The Scheme of Amalgamation aimed at pooling resources and infrastructure of the entities for mutual benefit, enhancing operational efficiencies, and maximizing shareholder value. The proposed amalgamation would lead to the cancellation of equity shares held by the transferee company in the transferor company, as the latter was a wholly owned subsidiary of the former. The Board of Directors of the transferor company had approved the scheme, and the court had earlier dispensed with the requirement of convening meetings of shareholders and creditors for approval of the scheme.

Notices were issued to the Regional Director and the Official Liquidator, with citations published in newspapers as required. The Official Liquidator reported no complaints against the scheme, and the Regional Director highlighted key aspects of the scheme related to employees, accounting treatment, and dissolution process. The Regional Director also requested the filing of balance sheets, which the petitioner company explained was pending due to the ongoing amalgamation process.

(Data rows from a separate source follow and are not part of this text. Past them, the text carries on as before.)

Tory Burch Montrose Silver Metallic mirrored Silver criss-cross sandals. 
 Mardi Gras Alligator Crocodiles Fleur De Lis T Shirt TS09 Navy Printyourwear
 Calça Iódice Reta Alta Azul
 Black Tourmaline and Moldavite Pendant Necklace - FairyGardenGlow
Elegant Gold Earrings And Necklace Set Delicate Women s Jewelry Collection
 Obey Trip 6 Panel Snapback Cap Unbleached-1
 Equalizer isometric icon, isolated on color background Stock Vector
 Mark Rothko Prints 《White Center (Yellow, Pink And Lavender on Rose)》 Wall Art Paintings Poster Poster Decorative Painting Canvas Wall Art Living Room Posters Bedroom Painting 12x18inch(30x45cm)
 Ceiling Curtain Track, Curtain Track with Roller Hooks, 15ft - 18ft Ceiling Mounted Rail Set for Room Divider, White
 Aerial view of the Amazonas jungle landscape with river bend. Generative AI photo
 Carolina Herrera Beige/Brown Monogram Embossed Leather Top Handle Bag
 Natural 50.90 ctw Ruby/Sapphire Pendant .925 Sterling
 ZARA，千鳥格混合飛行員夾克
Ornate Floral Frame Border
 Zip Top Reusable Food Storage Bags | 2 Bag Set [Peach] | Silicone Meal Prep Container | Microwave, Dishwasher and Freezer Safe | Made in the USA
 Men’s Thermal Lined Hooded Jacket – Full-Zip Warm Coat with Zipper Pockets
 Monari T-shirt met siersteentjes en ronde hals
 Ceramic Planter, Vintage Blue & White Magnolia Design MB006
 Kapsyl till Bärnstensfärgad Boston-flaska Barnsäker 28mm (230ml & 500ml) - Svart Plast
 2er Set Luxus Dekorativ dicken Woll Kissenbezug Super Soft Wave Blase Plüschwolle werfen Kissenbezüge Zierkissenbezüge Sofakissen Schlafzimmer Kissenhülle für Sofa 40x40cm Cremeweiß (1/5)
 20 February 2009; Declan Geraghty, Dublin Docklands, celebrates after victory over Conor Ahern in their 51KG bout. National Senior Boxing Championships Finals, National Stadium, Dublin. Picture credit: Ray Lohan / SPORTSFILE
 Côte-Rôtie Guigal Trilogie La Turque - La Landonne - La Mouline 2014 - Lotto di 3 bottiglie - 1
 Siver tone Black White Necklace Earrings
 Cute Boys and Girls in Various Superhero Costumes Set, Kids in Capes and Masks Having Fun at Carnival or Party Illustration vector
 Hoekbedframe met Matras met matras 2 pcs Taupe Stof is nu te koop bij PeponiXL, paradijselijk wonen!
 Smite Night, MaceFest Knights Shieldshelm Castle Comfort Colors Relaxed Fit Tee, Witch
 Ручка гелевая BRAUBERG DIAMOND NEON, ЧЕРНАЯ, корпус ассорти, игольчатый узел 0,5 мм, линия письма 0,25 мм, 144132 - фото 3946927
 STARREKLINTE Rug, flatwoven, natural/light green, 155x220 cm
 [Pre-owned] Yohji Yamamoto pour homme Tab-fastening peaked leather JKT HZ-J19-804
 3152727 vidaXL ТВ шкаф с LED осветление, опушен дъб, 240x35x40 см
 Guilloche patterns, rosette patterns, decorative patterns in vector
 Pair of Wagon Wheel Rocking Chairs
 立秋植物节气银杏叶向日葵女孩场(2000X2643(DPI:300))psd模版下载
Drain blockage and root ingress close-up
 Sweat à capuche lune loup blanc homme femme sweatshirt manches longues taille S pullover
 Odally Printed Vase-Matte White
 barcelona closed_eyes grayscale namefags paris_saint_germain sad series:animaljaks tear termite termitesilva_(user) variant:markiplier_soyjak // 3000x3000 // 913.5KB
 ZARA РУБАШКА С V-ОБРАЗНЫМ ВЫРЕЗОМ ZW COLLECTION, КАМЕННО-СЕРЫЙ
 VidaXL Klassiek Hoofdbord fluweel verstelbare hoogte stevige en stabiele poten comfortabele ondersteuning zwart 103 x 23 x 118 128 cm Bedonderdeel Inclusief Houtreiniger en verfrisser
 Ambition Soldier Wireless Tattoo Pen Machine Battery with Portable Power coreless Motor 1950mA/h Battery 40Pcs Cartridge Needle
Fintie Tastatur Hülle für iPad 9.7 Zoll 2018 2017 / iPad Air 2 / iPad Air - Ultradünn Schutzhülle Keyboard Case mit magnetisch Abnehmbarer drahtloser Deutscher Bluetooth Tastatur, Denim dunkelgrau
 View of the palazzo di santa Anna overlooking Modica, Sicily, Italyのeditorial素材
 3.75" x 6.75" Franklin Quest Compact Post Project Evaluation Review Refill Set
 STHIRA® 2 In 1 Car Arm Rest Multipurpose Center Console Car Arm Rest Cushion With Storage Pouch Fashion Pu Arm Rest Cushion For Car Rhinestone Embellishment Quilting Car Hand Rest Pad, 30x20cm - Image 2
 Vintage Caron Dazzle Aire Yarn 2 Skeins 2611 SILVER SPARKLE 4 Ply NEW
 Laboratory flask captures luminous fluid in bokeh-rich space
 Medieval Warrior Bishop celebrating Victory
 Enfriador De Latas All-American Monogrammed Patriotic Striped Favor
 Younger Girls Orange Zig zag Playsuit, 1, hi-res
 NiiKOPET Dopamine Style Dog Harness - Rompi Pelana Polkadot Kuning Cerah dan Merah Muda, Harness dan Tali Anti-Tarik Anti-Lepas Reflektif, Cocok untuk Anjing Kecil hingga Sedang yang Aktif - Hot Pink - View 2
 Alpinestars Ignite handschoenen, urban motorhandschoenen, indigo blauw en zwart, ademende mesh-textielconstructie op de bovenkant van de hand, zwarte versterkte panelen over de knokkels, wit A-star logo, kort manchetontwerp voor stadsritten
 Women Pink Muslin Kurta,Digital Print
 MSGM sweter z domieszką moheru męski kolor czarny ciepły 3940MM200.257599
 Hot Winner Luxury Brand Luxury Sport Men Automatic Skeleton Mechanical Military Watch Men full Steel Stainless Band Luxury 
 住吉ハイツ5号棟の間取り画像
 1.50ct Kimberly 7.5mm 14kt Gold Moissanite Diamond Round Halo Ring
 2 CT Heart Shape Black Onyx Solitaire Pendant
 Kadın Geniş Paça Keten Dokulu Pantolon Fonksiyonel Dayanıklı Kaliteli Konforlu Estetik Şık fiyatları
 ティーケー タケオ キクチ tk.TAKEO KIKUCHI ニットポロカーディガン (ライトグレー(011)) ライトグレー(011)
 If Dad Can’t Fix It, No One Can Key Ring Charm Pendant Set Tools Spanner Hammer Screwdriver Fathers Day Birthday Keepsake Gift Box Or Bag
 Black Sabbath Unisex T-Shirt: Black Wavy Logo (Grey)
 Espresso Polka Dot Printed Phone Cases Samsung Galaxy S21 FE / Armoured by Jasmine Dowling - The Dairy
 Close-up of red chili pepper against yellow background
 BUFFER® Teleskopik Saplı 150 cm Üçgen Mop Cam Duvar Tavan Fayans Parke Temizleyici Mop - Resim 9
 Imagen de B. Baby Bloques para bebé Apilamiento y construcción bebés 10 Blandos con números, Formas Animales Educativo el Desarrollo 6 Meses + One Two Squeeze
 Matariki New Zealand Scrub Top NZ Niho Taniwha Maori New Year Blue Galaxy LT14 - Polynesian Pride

No objections were received to the scheme, and with the approval of equity shareholders, along with no objections from the Official Liquidator and Regional Director, the court granted sanction to the Scheme of Amalgamation under Sections 391 and 394 of the Companies Act, 1956. The petitioner was directed to comply with statutory requirements within 30 days and was required to pay costs as agreed. The order clarified that it did not exempt the payment of stamp duty, and upon sanction, the transferor company would stand dissolved without winding up.

In conclusion, the petition seeking sanction for the Scheme of Amalgamation was allowed by the court, with detailed considerations of compliance, approvals, and procedural requirements, ensuring a lawful and beneficial transition for the involved companies.